Cancer Research UK – Science blog
We often say people are born to do something, or born to be something, and Maria Lawal will tell you she was born to be an athlete.
As a schoolgirl she played basketball and netball, and ran long jump and circuit, until one day she was diagnosed with osteosarcoma, a form of bone cancer, when she was just a teenager.
And when Maria was told she had to have surgery to remove a bone in her leg, her dreams of a career in sport suddenly felt completely out of reach.
Now fit and well, the 29-year-old rising entrepreneur says her life-changing diagnosis led to the discovery of her true destiny, which lay in a future dedicated to helping other people living with cancer.
Dreams of a sporting career shattered
Maria had just turned 15 when she started getting an intermittent pain in her left thigh which was initially thought to be a sporting injury from training.
Then one day the teenager, who grew up in Manchester, discovered a lump, and when the pain worsened, her family took her to A&E.
A scan found a tumour, and in February 2008 Maria was diagnosed with osteosarcoma. She went from playing sport most days after school to scheduling her life around hospital appointments.
“I was so shocked when they told 15-year-old me that I had cancer,” she says.

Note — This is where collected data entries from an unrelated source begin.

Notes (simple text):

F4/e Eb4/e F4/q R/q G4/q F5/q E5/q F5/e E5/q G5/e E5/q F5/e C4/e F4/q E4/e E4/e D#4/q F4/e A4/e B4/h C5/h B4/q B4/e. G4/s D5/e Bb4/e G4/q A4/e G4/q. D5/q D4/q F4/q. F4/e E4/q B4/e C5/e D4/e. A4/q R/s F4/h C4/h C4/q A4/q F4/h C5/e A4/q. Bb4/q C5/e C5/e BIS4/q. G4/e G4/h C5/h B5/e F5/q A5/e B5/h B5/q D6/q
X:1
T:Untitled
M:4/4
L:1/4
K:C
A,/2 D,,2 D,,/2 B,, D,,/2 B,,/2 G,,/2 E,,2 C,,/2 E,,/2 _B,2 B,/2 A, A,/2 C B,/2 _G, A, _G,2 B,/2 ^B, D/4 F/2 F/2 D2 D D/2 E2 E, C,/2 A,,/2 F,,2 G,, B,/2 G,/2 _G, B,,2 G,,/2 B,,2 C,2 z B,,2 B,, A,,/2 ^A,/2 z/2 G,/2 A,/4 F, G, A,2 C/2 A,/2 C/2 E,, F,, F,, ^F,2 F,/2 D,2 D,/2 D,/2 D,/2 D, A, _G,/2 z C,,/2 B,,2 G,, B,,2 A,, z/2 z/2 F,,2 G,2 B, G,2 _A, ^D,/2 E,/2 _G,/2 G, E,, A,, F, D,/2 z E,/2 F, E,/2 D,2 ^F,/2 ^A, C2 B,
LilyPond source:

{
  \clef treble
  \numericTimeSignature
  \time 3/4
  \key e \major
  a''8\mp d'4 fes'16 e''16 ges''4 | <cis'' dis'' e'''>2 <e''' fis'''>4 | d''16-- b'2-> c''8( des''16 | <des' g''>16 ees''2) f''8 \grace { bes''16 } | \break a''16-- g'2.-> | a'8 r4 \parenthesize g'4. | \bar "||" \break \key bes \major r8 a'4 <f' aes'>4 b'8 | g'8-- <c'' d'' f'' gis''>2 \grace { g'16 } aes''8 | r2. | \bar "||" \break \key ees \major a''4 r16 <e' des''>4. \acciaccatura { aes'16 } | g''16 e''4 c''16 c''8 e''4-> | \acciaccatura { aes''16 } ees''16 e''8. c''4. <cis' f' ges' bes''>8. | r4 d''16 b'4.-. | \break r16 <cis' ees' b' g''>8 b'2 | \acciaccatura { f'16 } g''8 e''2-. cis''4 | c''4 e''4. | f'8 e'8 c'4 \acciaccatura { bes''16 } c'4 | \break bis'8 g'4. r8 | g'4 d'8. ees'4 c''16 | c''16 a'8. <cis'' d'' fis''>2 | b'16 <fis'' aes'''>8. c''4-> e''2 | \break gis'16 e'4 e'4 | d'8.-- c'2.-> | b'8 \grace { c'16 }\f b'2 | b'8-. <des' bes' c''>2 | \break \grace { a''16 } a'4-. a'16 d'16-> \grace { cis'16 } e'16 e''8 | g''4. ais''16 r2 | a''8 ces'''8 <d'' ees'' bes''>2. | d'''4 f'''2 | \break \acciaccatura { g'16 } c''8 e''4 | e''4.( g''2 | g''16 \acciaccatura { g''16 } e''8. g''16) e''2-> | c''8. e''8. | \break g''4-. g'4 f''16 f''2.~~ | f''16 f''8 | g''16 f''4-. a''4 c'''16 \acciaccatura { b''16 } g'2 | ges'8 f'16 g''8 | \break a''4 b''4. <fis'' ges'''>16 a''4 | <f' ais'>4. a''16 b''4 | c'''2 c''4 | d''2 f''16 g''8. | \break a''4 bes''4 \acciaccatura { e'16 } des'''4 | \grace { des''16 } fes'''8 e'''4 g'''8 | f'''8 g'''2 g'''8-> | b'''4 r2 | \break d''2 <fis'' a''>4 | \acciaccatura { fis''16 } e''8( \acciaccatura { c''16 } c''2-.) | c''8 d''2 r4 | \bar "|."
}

“I was the first person in my family to have cancer and I couldn’t understand why it had happened to me when I was young and so fit and healthy. My dreams of being an athlete were over, but I was determined not to give up on myself and not let my family down after everything we’d been through.”
Nigerian born Maria began chemotherapy before undergoing life-saving surgery to remove the bone from her hip down to her knee, which was replaced with a titanium prosthesis.
She initially received chemotherapy for eight months, but unfortunately 18 months later, during a routine check-up, doctors found tumours in her lungs and she required yet more chemotherapy.
Before her treatment started, Maria had “bouncy, luscious hair” that she always experimented with, until the moment came when she realised her hair was falling out.
She recalls: “I remember being at home with my sister and she was taking out my cornrows and instead of it being the cornrow hair extensions, it was my actual hair literally falling out in clumps. It was so traumatic, me and my sister and my mum just sat on the floor crying.
Then when I went trying on wigs, I just felt instantly older. All I could see when I looked in the mirror wasn’t myself, but a cancer patient in a wig.
An estimated 43,600 people are diagnosed with cancer every year in the North-West, and Maria said it was losing her hair that made her determined to do something to help the many women like her who receive the heart-breaking diagnosis.
Feeling beautiful inside and out
And so, in 2019 Maria started her online wig making business, Ade Me (‘My Crown’ in Yoruba), which has gone on to provide wigs for up to a hundred women across Greater Manchester who have lost their hair during chemotherapy treatment.
“I want women and girls to look at themselves in the mirror and feel confident and beautiful inside and outside,” says Maria, who colours all of the wigs herself. “I want them to see themselves as heroes and not as a cancer patient in a wig that doesn’t feel, or look like them. I still wear my wigs now; I just love having a choice of colour and style each day.”
Maria, who recently moved to Rochdale with her husband, Saliu and their 18-month-old son Zyon, also offers makeup tutorials to women going through cancer treatment, offering hints and tips via online one-to-one sessions.
She said: “My skin changed dramatically during chemo. It was so dark and so dry and just so different to my normal skin. I know many girls and women struggle with how to wear makeup when their skin is going through these changes, so it’s another way I can help to make girls feel like themselves again.”
Alongside her wig making business Maria has also spent much of her adult life, after going into remission, working as a patient advocate helping other cancer patients like her, and she is passionate about spreading positivity.
She added: “After having my son, I felt compelled to write a book for children containing the positive mindset mantras that I believe helped me though my cancer journey. My book is about building confidence in yourself from a young age and I read it to my son every single day.
“I believe that having a positive outlook can help you so much. It has helped me to take a different direction in my life and I am truly happy.
“Helping other people makes me so happy. There is no better feeling than the look on a girl’s face when I hand over the wig I have made. The tears of joy are incredible.”